#### [INSTRUCTIONS TO FOLLOW]
Exactly reproduce the data from its first line through the line with "Property Photo: 1109 24th St NW WA 98371", leaving out every line after it.

RAW DATA Block Start

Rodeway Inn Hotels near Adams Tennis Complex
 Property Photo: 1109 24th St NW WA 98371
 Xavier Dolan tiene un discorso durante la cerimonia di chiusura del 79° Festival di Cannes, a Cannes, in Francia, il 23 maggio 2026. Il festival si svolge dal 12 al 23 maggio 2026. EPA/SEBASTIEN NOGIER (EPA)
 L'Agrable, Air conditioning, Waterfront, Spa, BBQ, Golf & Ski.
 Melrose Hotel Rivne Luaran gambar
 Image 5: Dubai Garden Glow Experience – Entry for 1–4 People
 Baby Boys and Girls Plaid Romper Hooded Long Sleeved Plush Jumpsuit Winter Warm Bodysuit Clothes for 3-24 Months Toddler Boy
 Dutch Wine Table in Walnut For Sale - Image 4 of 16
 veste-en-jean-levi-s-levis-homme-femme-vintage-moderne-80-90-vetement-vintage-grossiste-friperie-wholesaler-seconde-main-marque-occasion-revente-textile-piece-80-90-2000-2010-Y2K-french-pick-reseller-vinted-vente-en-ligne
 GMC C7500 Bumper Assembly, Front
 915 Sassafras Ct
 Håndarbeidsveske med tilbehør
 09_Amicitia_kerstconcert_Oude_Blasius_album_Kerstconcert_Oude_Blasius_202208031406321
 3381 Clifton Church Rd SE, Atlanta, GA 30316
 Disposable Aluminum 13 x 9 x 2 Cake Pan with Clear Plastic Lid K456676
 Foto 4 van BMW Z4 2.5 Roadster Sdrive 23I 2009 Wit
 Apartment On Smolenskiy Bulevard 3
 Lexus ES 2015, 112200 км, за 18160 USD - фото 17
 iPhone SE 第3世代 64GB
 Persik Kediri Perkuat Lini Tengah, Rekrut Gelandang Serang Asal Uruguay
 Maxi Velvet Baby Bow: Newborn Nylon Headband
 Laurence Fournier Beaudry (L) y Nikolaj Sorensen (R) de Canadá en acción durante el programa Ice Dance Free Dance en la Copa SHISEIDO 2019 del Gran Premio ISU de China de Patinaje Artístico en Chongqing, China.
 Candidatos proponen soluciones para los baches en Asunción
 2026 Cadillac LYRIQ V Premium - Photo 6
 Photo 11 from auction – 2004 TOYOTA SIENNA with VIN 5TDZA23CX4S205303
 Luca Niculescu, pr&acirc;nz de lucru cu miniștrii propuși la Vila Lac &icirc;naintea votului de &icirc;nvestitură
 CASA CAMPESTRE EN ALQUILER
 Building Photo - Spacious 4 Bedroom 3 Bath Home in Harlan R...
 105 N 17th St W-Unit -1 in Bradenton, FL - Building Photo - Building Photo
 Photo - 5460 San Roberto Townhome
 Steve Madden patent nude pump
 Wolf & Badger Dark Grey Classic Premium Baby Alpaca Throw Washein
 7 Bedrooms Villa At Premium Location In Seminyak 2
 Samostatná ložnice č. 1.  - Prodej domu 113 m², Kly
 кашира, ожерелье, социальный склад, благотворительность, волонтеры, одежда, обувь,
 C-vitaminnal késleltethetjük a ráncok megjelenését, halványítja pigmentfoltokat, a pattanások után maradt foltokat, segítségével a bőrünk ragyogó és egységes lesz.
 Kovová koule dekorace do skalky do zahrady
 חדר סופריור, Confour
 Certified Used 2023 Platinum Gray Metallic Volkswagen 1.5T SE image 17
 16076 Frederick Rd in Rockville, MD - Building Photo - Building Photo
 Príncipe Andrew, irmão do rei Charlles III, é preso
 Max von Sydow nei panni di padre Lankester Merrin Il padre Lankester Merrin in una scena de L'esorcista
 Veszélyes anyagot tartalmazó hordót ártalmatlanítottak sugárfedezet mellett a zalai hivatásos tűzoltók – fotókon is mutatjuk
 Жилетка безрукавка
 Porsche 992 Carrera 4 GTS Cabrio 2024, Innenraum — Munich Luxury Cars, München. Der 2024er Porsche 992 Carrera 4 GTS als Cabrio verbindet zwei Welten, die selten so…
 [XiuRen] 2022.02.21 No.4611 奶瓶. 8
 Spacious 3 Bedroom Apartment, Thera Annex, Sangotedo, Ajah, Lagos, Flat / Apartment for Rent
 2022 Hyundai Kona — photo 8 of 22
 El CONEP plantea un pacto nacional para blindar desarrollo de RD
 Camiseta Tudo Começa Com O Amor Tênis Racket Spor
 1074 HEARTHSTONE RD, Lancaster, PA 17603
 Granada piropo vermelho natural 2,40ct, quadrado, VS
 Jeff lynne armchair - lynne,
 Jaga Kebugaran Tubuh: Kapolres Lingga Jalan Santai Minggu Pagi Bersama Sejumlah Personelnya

RAW DATA Block End

#### [RESPONSE AREA]
Rodeway Inn Hotels near Adams Tennis Complex
 Property Photo: 1109 24th St NW WA 98371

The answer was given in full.